COMMUNITY JUNEENTH CELEBRATION GOES VIRTUAL
The Five College Area’s 10 th Annual Juneteenth Celebration will be held mostly virtually this year on Friday, June 19 th. The festivities begin at 4 p.m. with a bell ringing and reading at Town Hall. This will be followed by a webinar and panel discussion focusing on the new book, From Here to Equality: Reparations for Black Americans in the 21st Century by William A. Darity Jr. & A. Kirsten Mullen. The discussion will begin at 4:30 PM and can be viewed on Amherst Media’s Channel 12. People can access the viewstream here .
Juneteenth observes the June 19th, 1865 proclamation of the abolition of slavery in Texas, where the last freedpeople to get the news were still living under slavery. It celebrates freedom and demands justice.
Panelists for the webinar include:
William A. Darity Jr. is the Samuel DuBois Cook Professor of Public Policy, African and African American Studies, and Economics at Duke University.

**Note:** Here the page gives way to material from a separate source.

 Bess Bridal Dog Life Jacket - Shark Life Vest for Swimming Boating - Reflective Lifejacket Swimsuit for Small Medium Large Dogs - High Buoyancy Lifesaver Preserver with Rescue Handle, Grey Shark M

He has published or edited 13 books and published more than 300 scholarly articles, and is the recipient of numerous awards and prestigious fellowships. Darity lives with his family in Durham, North Carolina, where he plays blues harmonica, occasionally coaches youth sports, and especially enjoys reading science fiction and speculative fiction. He is a graduate of Amherst Regional High School and his family is well-known to, and a historical part of, the local community.
A. Kirsten Mullen is a writer, folklorist, lecturer, and the founder of Artefactual, an arts-consulting practice, and Carolina Circuit Writers, a literary consortium that brings expressive writers of color to the Carolinas. She was a member of the Freelon Adjaye Bond concept development team that was awarded the Smithsonian Institution’s commission to design the National Museum of African American History and Culture. Her written work includes “Black Culture and History Matter” (The American Prospect), which examines the politics of funding black cultural institutions.
Members of Bridge4Unity, an interracial dialogue and cultural exchange project, will facilitate the discussion. They include:
Allen Davis, an educator, racial justice advocate, and creator of an “Historical Timeline of Reparations Paid by the United States to Blacks, Indigenous People, and Japanese Americans from 1783–2020,” who established, in 2018, the James Baldwin Lecture at the University of Massachusetts, Amherst.
Amilcar Shabazz (Amherst Indy contributor). I am a professor of Afro-American Studies at the University of Massachusetts and the President of the National Council for Black Studies. I was introduced to the reparations movement after hearing Queen Mother Moore in 1980, and have been an organizer for the National Coalition of Blacks for Reparations (NCOBRA) in different regions since its founding in 1987. I worked with Imari Obadele, founder of the National Coalition of Blacks for Reparations, to publish the book The Forty Acres Documents (1994).
Deborah Snow is a restaurant owner and longtime political activist. She was a photographer and former owner of Persephone Press, a lesbian publishing house. Most recently, she started Bridge4Unity.
Event sponsors include Amherst Media, Bridge4Unity, National Council for Black Studies, National Coalition of Blacks for Reparations in America, UMass Amherst Du Bois Department of Afro-American Studies, and the Town of Amherst, particularly its Human Rights Commission and the Jones Library.